The report's key findings and recommendations are:

Key findings

  • 72% of people experienced a problem with local transport.
  • 55% of carless residents were unable to find the transport they need.
  • The greatest transport barriers are cost (31%) and the lack of direct bus routes (26%).
  • Only 29% of people with mobility impairments can find the transport they need.
  • The complex daily journeys of modern families, and caring roles of many women, place significant time pressures and financial stress on carless households.
  • Connecting people, particularly children and families, to new places and experiences enhances lives and reduces insularity.
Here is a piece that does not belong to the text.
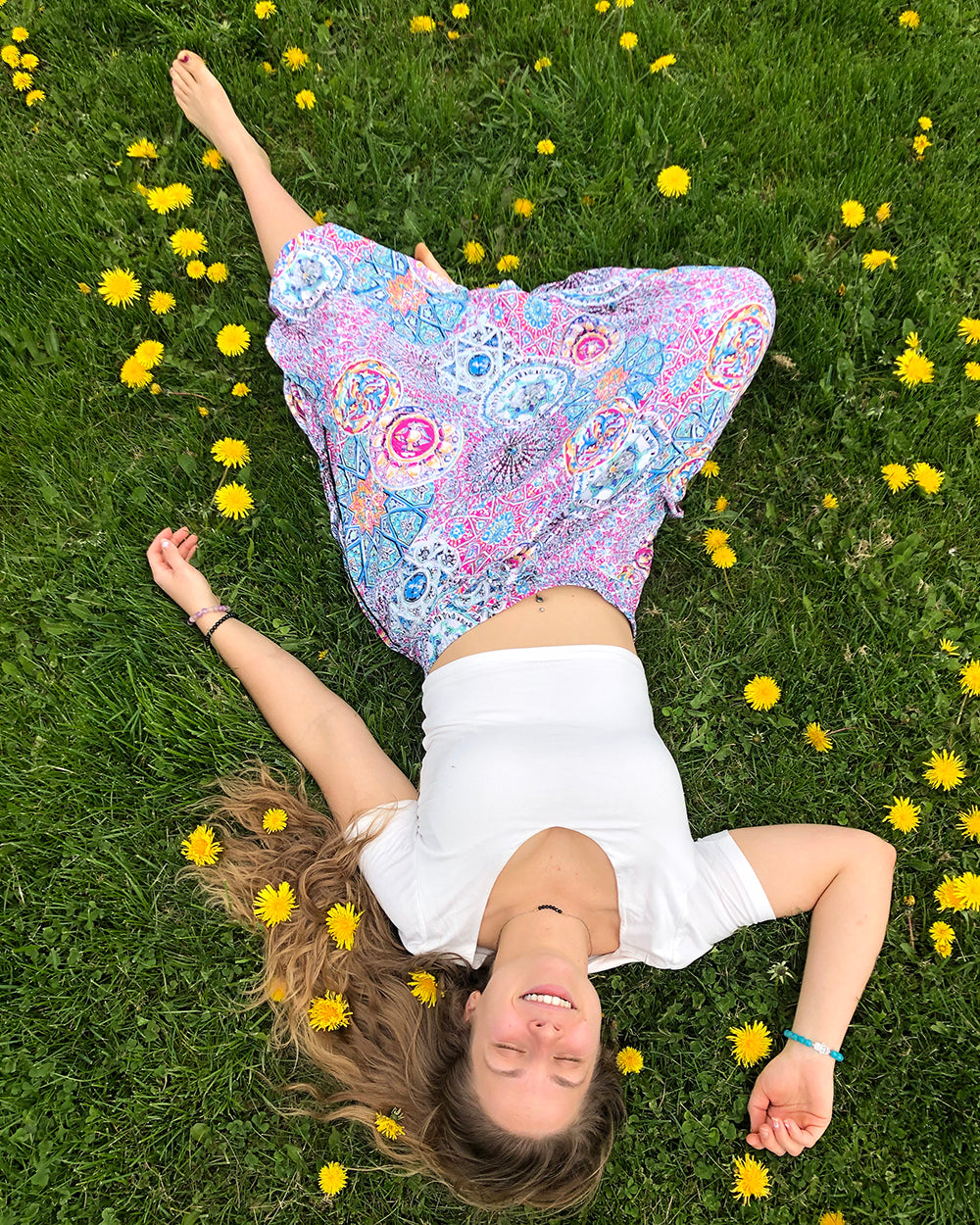 woman in purple pants laying down on grass  #color_purple galactic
  • Working with Reading Buses, local agencies and organisations to ease the affordability of public transport.
  • Ease cross-Whitley travel to the Royal Berkshire Hospital (RBH) and other services by considering the re-introduction of a ‘cross-Whitley bus route' via Cressingham Road.
  • Increase households' knowledge and confidence in the use of existing transport by introducing a virtual community transport scheme.
  • Building partnerships with existing community groups to develop shared minibus and bike schemes.
  • Provide an information hub in the community café with internet access and free smart cards.
  • Empower families and residents with restricted mobility to access more ReadiBus services, particularly to the RBH and for days out.

Dr Sally Lloyd-Evans, from the University of Reading's Department of Geography and Environmental Science, said: "The everyday travel needs of Whitley residents are similar to those of any community. However, the area is home to a relatively high number of low-income families with young children, lone-parent households and those with family members with limited mobility or long-term ill health. These factors dictate how mobile residents are. However transport is not just about getting from one place to another - it is essential for building connections, widening access to education and reducing insularity and isolation.

"For instance being carless can make you more vulnerable to socio-economic pressures. Families with up to three children, women and households with a disabled family member are more likely to be affected. Having excellent transport links on your doorstep can make a big difference, from going shopping or travelling to a hospital appointment. But solving transport and mobility barriers in South Reading requires more than practical solutions. A holistic community programme that focuses on enhancing travel information, confidence and experience, is also key."

John Ord, Whitley Big Local Representative, added: "This is a very significant piece of collaborative research combining university and community talents. It peels away the usual assumptions about transport systems to reveal just how lack of mobility is experienced in working class neighbourhoods.

"It has also boosted the creation of community based research and we hope the residents' led Whitley Researchers will now go on to investigate other local issues, again in partnership with the University of Reading."
Working better with Whitley was funded by the University of Reading and the Whitley Big Local, with partners Whitley Community Development Association and the Northumberland Training Academy.